Differenze maschi-femmine dopo la scuola superiore

Almeno fra le ragazze la scelta accademica pare essere quasi obbligata: il 74% delle maturande, nel campione intervistato, punta alla laurea; tra i maturandi ci si ferma al 46%. Diversamente, i maschi si dimostrano più aperti verso le alternative all’università: le percentuali di coloro che sono intenzionati a entrare subito nel mondo del lavoro oppure a provare la via del pubblico impiego (Forze armate e di Polizia incluse) o a frequentare un corso tipo ITS/IFTS sono doppie rispetto a quanto registrato tra le coetanee. Non mancano però quelli – sono 1 su 5 tra i ragazzi e 1 su 10 tra le ragazze – che probabilmente si fermeranno per un anno oppure tenteranno la fortuna all’estero.

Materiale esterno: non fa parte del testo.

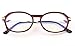 SOOLALA Womens Fashion Designer Diamond Cut Edge Oval Frame Reading Glasses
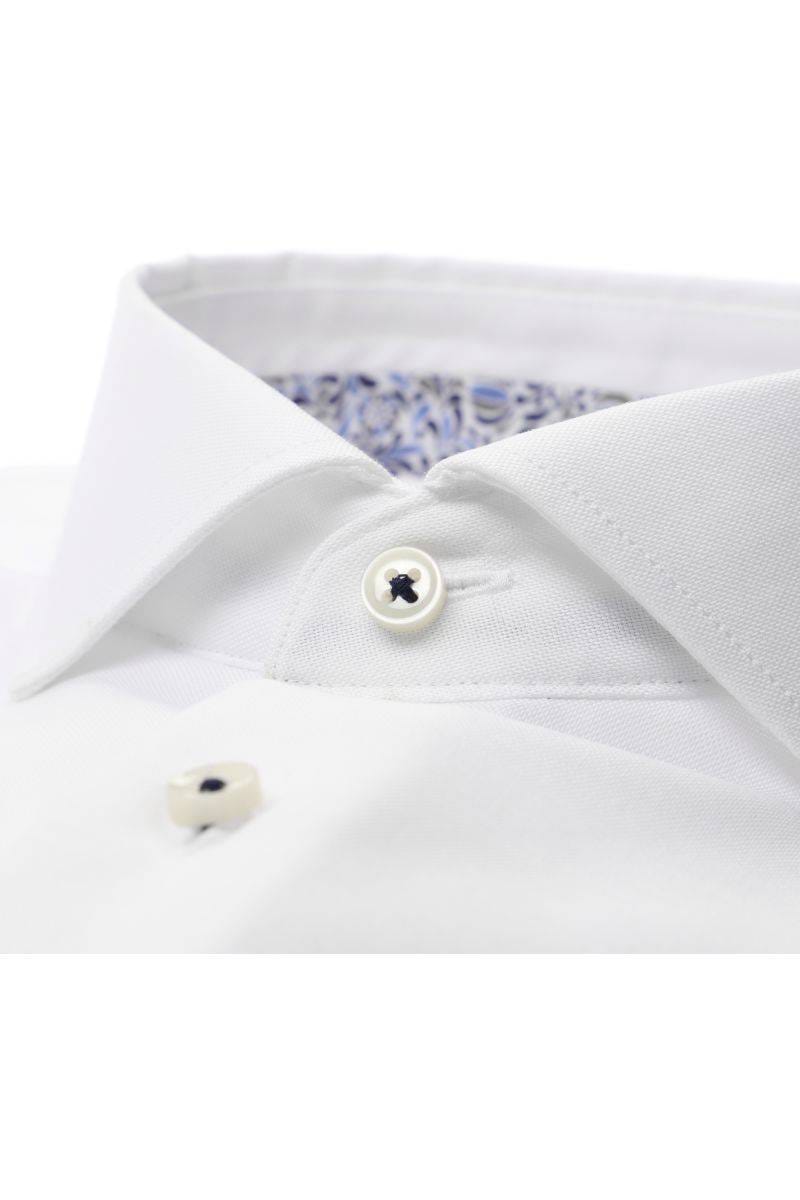 ETERNA Slim Fit Hemd weiss, Einfarbig (extra langer Arm)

Più contatti fra scuola e mondo del lavoro

Dai dati dell’indagine emerge che molti ragazzi desiderano entrare nel vivo del mondo del lavoro già negli anni della scuola: stage e tirocini formativi, più concreti dei PCTO che si svolgono oggi, sono la priorità per un terzo degli alunni delle superiori (31%). Tanti altri, consapevoli delle difficoltà di dialogo tra il mondo della scuola e le imprese, si accontenterebbero di visite in contesti lavorativi o di incontri con personaggi provenienti dalle aziende: così per il 23%. Una fetta importante (12%) spingerebbe sui colloqui individuali, per dare a ognuno dei consigli quanto più personalizzati: attualmente, solo 1 su 5 viene orientato in questo modo. Molto utili, infine, vengono considerate le testimonianze di giovani lavoratori, che sino a pochi anni prima si trovavano nelle stesse condizioni di quanti ora vivono nel più totale (o quasi) disorientamento: le introdurrebbe stabilmente l’11%. Solo una minoranza (4%) continuerebbe a puntare sulle “spiegazioni” di gruppo.